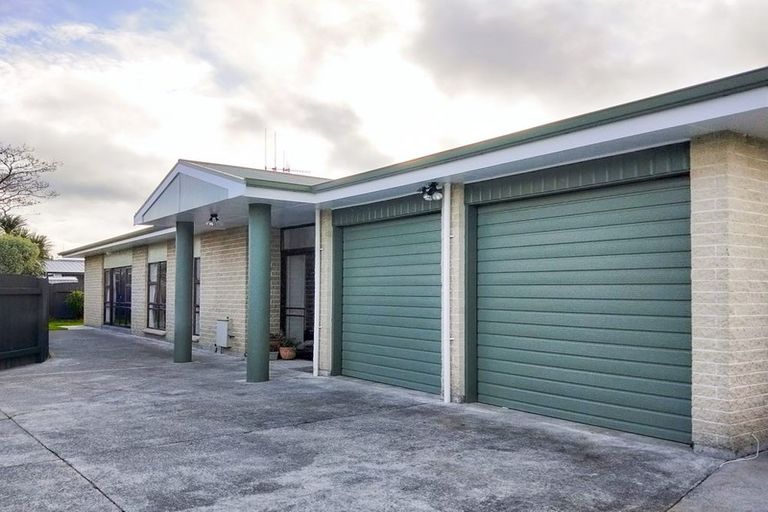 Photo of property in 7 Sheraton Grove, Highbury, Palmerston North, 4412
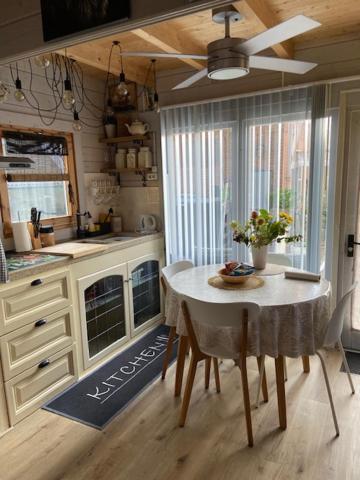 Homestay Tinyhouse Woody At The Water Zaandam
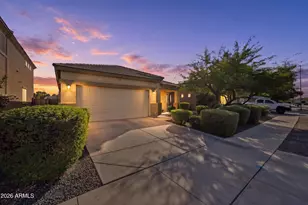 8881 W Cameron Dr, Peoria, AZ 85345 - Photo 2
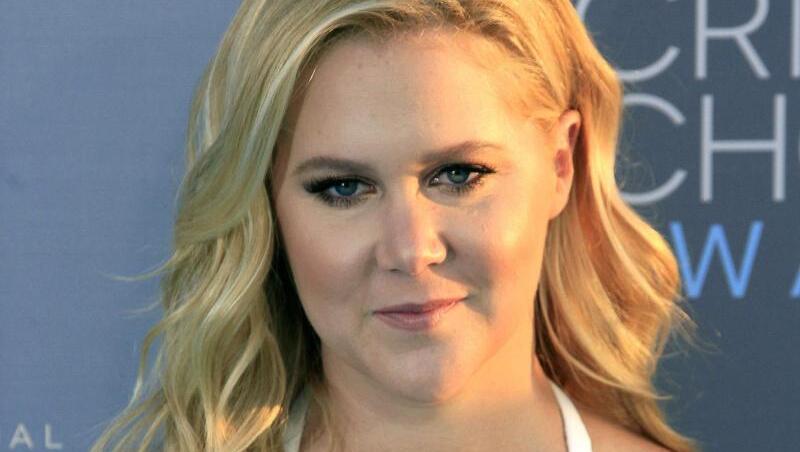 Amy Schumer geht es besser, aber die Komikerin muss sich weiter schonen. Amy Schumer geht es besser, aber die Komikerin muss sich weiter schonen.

□ □ □ □

◆ **Work to complete**
Print all of the material exactly. Omit pictures.

◆ **Answer space**
 Photo of property in 7 Sheraton Grove, Highbury, Palmerston North, 4412
 Homestay Tinyhouse Woody At The Water Zaandam
 8881 W Cameron Dr, Peoria, AZ 85345 - Photo 2
 Amy Schumer geht es besser, aber die Komikerin muss sich weiter schonen. Amy Schumer geht es besser, aber die Komikerin muss sich weiter schonen.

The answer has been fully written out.